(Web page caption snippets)

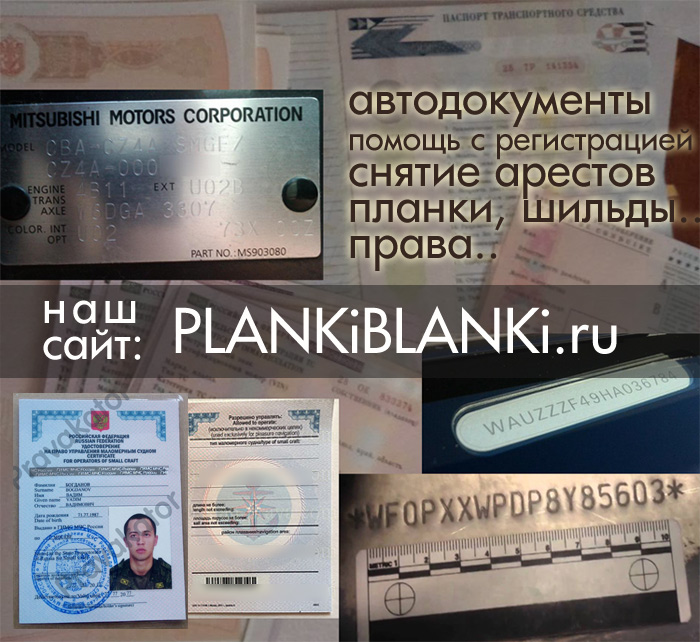Красиво делаем документы на спецтехнику и авто - ПСТ, СТС, ПСМ. Учет, легализаци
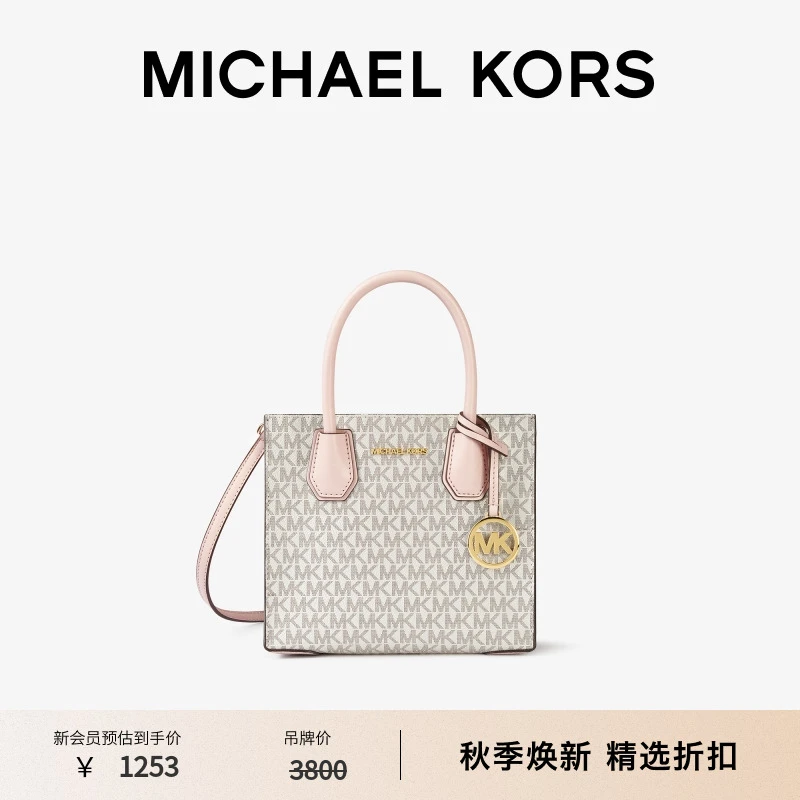 MICHAEL KORS MK Mercer 女士中号手提包托特包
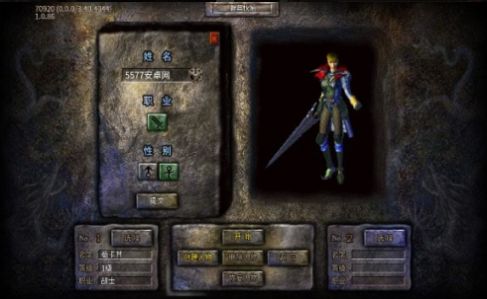 撼天传奇安卓版图1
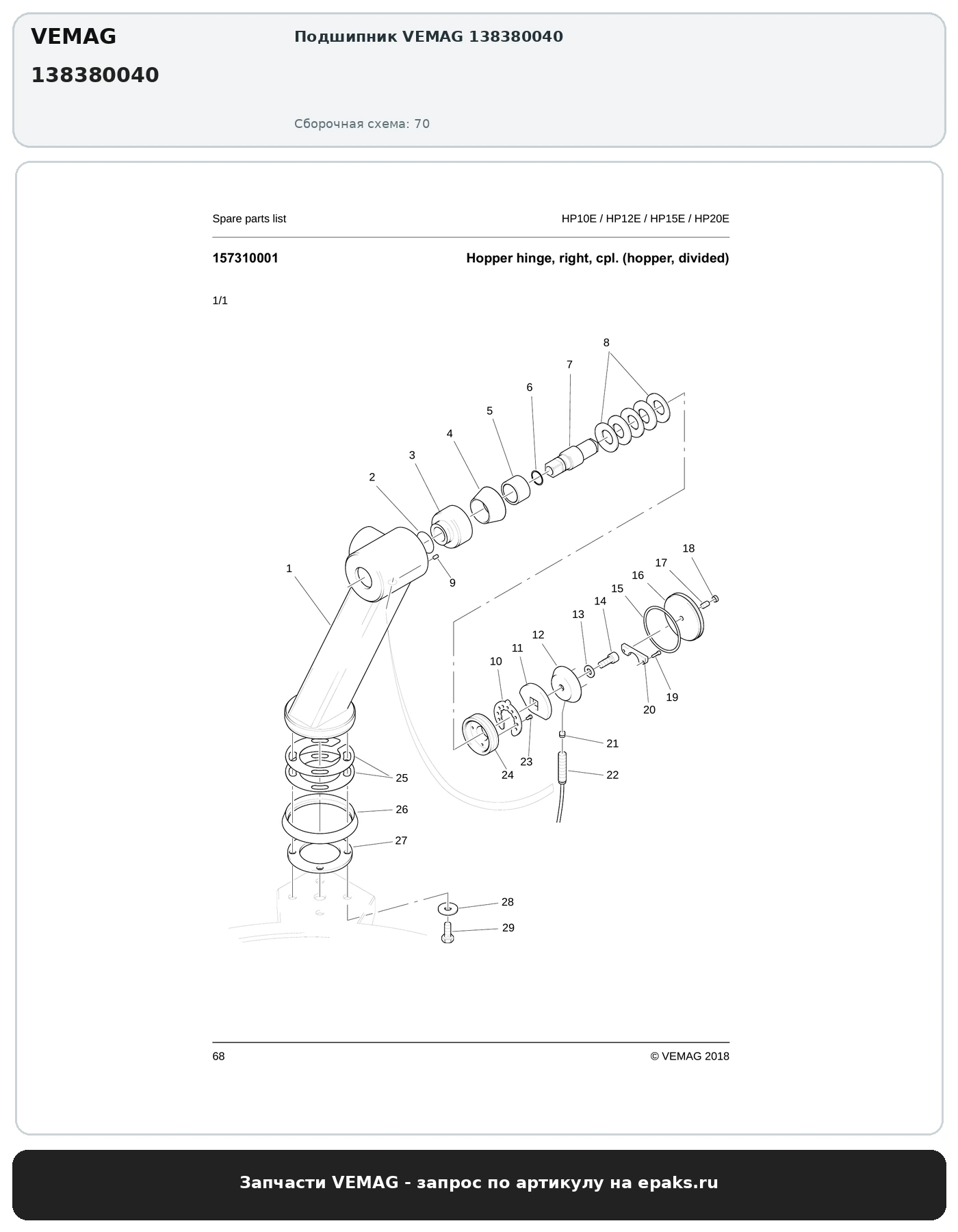 VEMAG 138380040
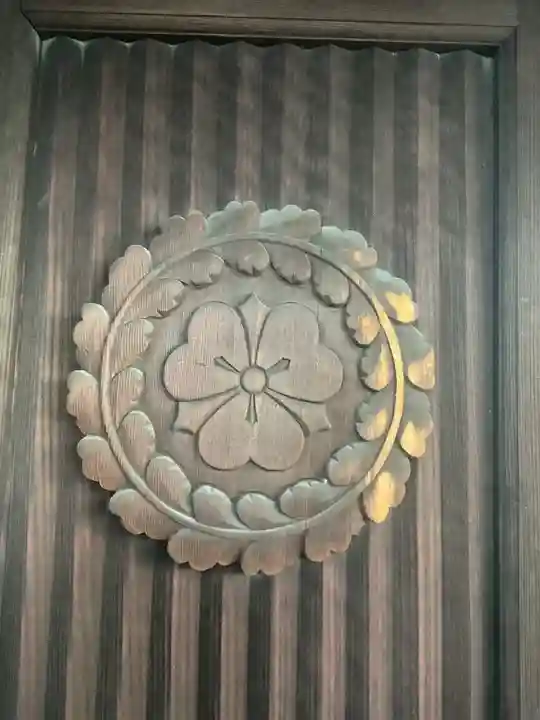 善徳寺のその他建物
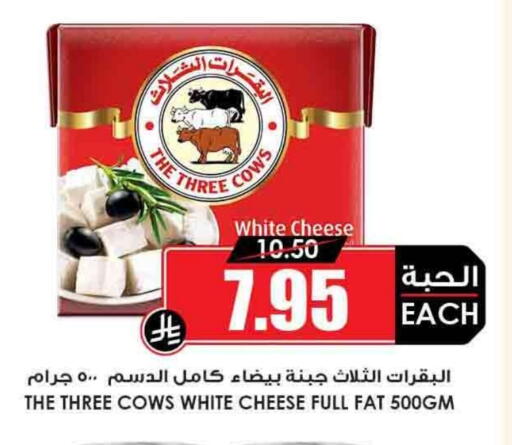 available at Prime Supermarket in KSA, Saudi Arabia, Saudi - Al-Kharj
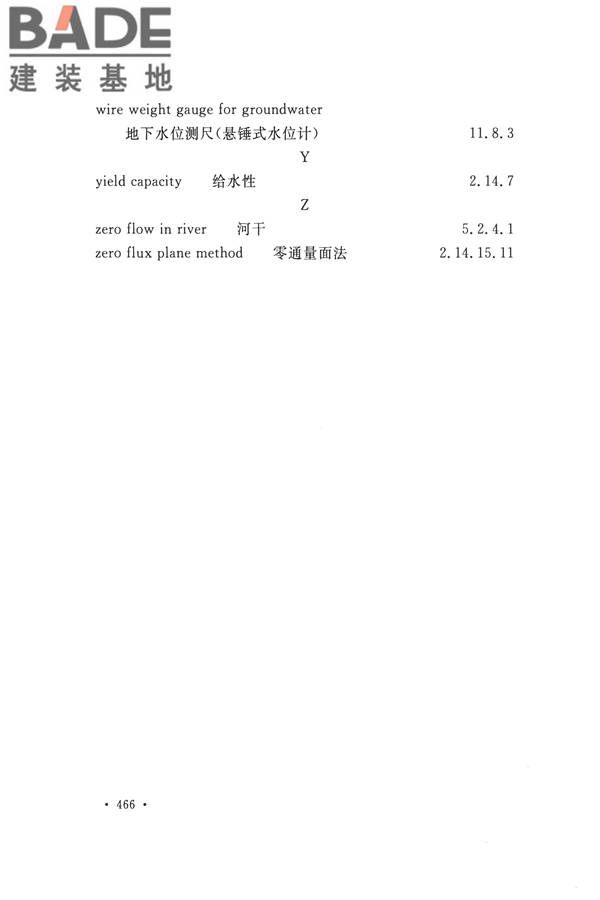 水文基本术语和符号标准_页面_482.jpg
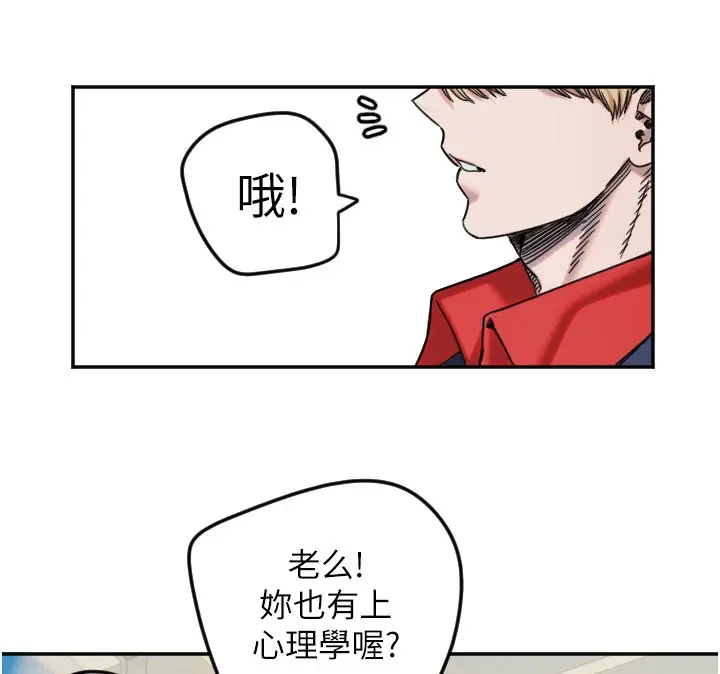 漫画《守护天使》第20话第26张图
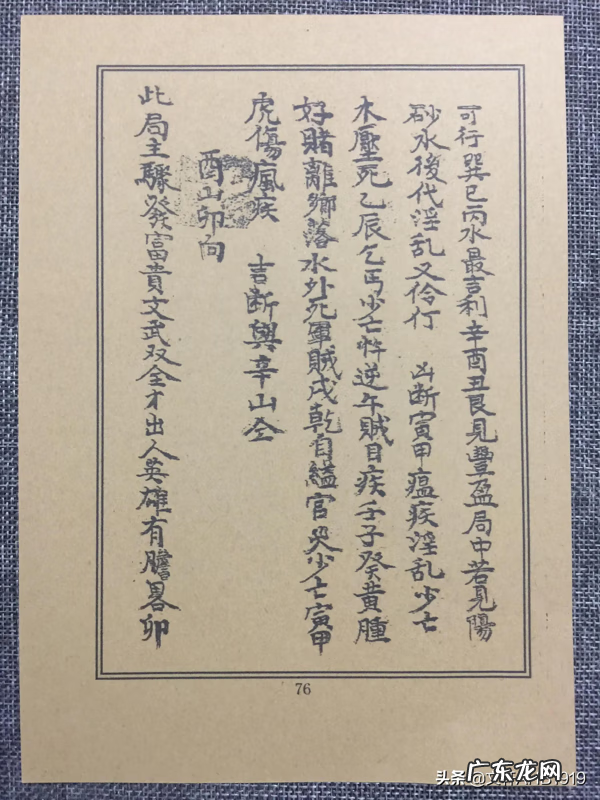 杨公风水二十四山水法 杨公风水二十四山水法书本价格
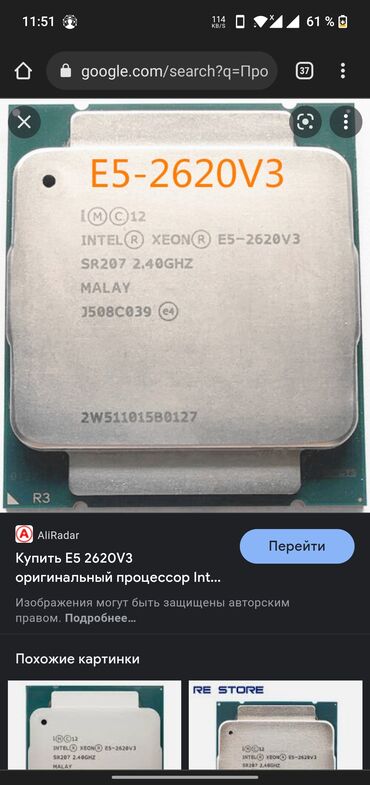 xeon x3470: Процессор, Б/у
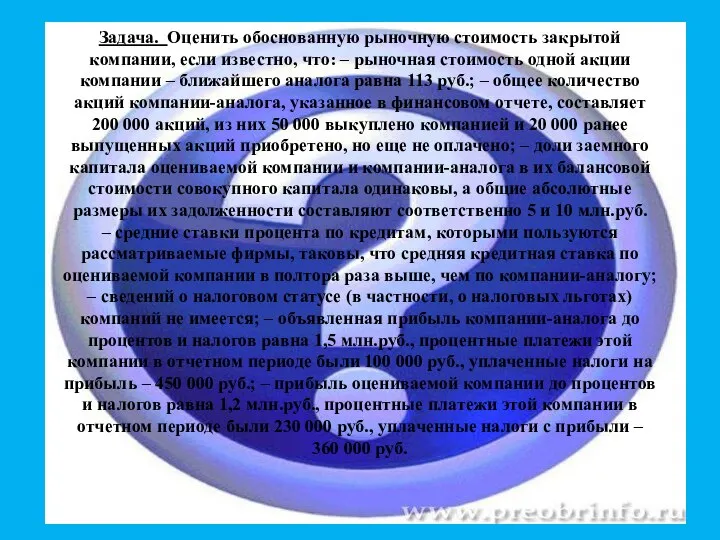 Задача. Оценить обоснованную рыночную стоимость закрытой компании, если известно, что: –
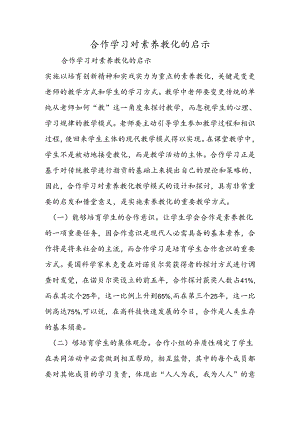 合作学习对素质教育的启示.docx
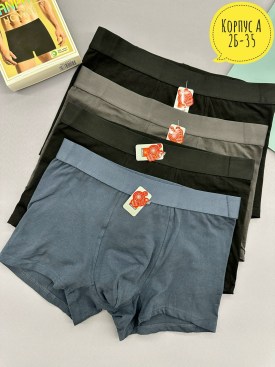 Нижнее белье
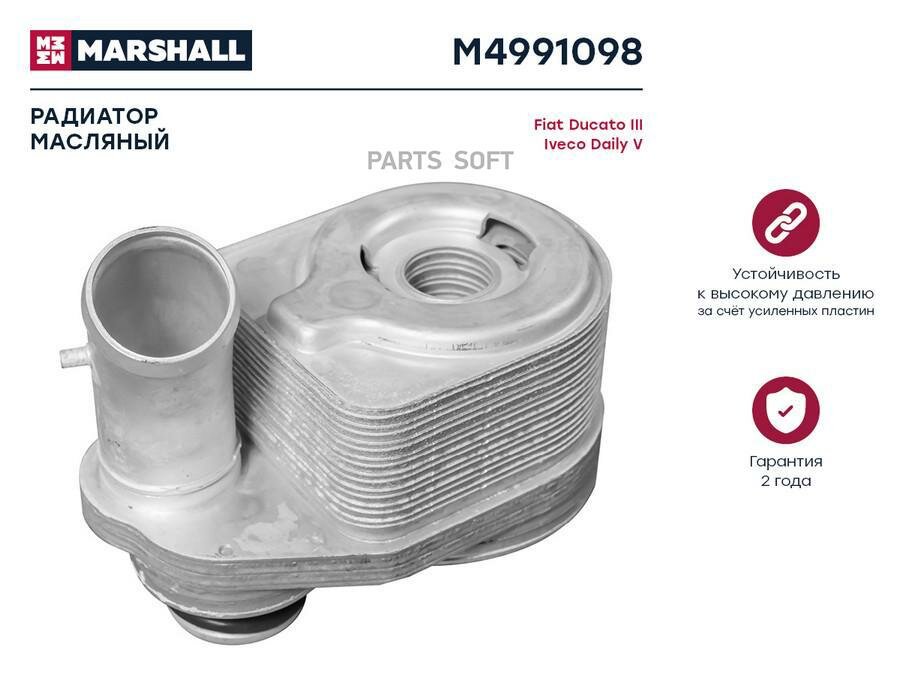 M4991098 MARSHALL Радиатор масляный FIAT DUCATO III 06- IVECO DAILY V 11-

▸ Exercise goal: Copy exactly, and copy nothing else: the lines from the one containing "available at Prime" through the end of the data, both ends included, with pictures left out.

▸ Worked solution:
 available at Prime Supermarket in KSA, Saudi Arabia, Saudi - Al-Kharj
 水文基本术语和符号标准_页面_482.jpg
 漫画《守护天使》第20话第26张图
 杨公风水二十四山水法 杨公风水二十四山水法书本价格
 xeon x3470: Процессор, Б/у
 Задача. Оценить обоснованную рыночную стоимость закрытой компании, если известно, что: –
 合作学习对素质教育的启示.docx
 Нижнее белье
 M4991098 MARSHALL Радиатор масляный FIAT DUCATO III 06- IVECO DAILY V 11-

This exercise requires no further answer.